Keeping up with cryptocurrency hacks and legal risks

More than $ 14 billion in cryptocurrencies were lost to cybercrime in 2021, followed by billions more this year. These staggering leaks underscore the need to understand and keep abreast of the security threats and legal risks facing the cryptocurrency industry.

Types of threats

As blockchain technologies reduce the friction for decentralization of financial infrastructure and other new use cases, they also represent an attractive target for threat actors who leverage the nascent security controls of the evolving industry.

Theft of private keys. Many cryptocurrency holders keep their keys in hot (software) or cold (physical hardware) wallets. Whoever holds the private keys controls the crypto asset. The security of the keys is as good as the security of the person or entity that holds them.

The immutability of the blockchain makes on-chain transactions irreversible, in contrast to transactions in the traditional financial system, which relies on intermediaries of financial institutions who can freeze funds and cancel transactions.
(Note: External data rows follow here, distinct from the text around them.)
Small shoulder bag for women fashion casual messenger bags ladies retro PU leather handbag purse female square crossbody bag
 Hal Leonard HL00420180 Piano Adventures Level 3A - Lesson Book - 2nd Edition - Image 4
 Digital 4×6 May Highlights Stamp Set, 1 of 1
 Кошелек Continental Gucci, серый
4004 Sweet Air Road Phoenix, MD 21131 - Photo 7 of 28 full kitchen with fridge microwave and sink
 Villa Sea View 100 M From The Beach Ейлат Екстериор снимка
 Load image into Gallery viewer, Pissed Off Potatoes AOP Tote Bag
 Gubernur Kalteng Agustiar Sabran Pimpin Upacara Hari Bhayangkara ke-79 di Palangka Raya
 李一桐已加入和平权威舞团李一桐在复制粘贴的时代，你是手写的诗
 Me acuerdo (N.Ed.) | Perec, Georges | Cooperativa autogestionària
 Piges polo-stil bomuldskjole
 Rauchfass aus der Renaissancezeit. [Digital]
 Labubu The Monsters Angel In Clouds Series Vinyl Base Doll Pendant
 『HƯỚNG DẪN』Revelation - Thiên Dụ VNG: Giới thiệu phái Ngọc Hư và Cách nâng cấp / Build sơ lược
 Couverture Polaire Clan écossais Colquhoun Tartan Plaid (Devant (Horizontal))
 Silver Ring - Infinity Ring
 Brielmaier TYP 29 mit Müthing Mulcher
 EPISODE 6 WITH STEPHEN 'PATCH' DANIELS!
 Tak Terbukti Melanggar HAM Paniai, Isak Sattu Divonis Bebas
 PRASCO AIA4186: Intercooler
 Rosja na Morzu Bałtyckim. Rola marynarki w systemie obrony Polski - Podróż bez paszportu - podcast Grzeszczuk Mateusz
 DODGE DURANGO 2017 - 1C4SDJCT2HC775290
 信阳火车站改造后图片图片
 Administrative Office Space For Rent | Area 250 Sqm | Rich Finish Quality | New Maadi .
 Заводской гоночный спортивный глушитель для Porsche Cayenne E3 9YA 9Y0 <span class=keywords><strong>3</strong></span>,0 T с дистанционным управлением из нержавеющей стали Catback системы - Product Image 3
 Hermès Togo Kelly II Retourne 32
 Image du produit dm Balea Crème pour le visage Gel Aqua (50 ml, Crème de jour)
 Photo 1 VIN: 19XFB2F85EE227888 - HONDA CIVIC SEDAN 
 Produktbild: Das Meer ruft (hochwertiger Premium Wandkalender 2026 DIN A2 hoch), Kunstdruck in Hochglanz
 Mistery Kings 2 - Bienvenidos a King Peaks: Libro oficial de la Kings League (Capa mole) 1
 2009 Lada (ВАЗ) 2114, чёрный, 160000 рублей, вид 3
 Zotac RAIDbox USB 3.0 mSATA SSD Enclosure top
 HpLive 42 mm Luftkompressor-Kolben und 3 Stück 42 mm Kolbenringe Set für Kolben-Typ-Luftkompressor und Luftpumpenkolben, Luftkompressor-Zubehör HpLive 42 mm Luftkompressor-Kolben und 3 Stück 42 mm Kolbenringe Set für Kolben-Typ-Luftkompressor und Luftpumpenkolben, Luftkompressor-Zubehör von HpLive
Even when a third-party exchange holds custody of keys on behalf of users, hackers have penetrated systems to steal funds. In March, for example, hackers compromised the private keys associated with the Axie Infinity crypto game and stole over $ 600 million worth of cryptocurrencies. The U.S. Treasury Department linked the attack to the state-sponsored Lazarus Group of North Korea and listed the address of the wallet used to steal funds on its Specially Designated Nationals List.

Exploitation of the software. Traditional banks are no stranger to software exploits. Now, hackers are turning to cryptocurrencies. Many crypto hacks in the past year have exploited vulnerabilities in the code used to process smart contracts or underlying cryptographic software.

In the Poly Network attack, for example, a hacker exploited a smart contract vulnerability that allowed them to change administrative permissions for executing blockchain transactions, allowing hundreds of millions of cryptocurrencies to be stolen.

Scams and frauds. Scammers have defrauded tens of thousands of consumers for more than $ 1 billion in cryptocurrencies since 2021, according to the Federal Trade Commission. Such scams offer false investment opportunities, prey on those who seek love or involve the impersonation of legitimate business. Rug pulls are another scam where a creator will sell tokens, raise funds, promise a future launch, but then flee with the funds.

Legal risks and practical advice

Regulatory scrutiny. Regulatory actions following software vulnerabilities have been initiated with some frequency outside the cryptocurrency industry.

Equifax, for example, agreed with the FTC, the Consumer Financial Protection Bureau and 50 state attorneys general for more than $ 500 million for failing to fix software vulnerabilities.

Regulators are now focusing on the cybersecurity controls of the cryptocurrency industry. President Joe Biden’s March 2022 Cryptocurrency Executive Order directs the government to “prioritize[e] … safety [and] fight[] illicit exploitation “of digital resources.

The FTC is monitoring crypto scams, foreshadowing potential imminent enforcement actions. The New York Department of Financial Services recently pointed out that the cybersecurity controls provided by traditional financial institutions apply to crypto assets under the jurisdiction of DFS.

In August, the Office of Foreign Assets Control sanctioned the Tornado Cash mixer, allegedly used to launder $ 7 billion from crypto hacks, after sanctioning earlier this year. These OFAC actions create compliance challenges for entities that may have interacted with sanctioned blockchain addresses or platforms.

Law enforcement priorities. The DOJ’s efforts in the cryptocurrency industry this year have already led to its biggest financial seizure ever: $ 3.6 billion in cryptocurrency tied to a 2016 hack of the Bitfinex virtual currency exchange.

On June 30, the Justice Department also announced charges against six defendants allegedly involved in an illegal NFT scam and an initial fraudulent coin offering. The FBI, on the same day, added “Cryptoqueen” to its list of ten most wanted fugitives based on an alleged $ 4 billion fraud scheme involving “OneCoin”.

In light of the focus on regulation and law enforcement, organizations would be cautious in developing policies and procedures for incident investigation, remediation and response.

Identifying risks and documenting a response plan can prepare an organization to act quickly and efficiently when an incident occurs. The $ 600 million Axie Infinity hack illustrates the benefits of optimizing detection and response, as the six days that elapsed before the attack was discovered resulted in additional losses.

Due to the difficulties in tracking transactions, cooperation with law enforcement can also pay off. Following the cooperation of the victims, the Department of Justice and the FBI recovered the funds exchanged via blockchain in the context of the ransomware.

Private sector cooperation can also help. There are several vendor-built and community-driven tools to report malicious cryptographic hacks and attacks, and private sector efforts have led to successful law enforcement action against criminal hackers.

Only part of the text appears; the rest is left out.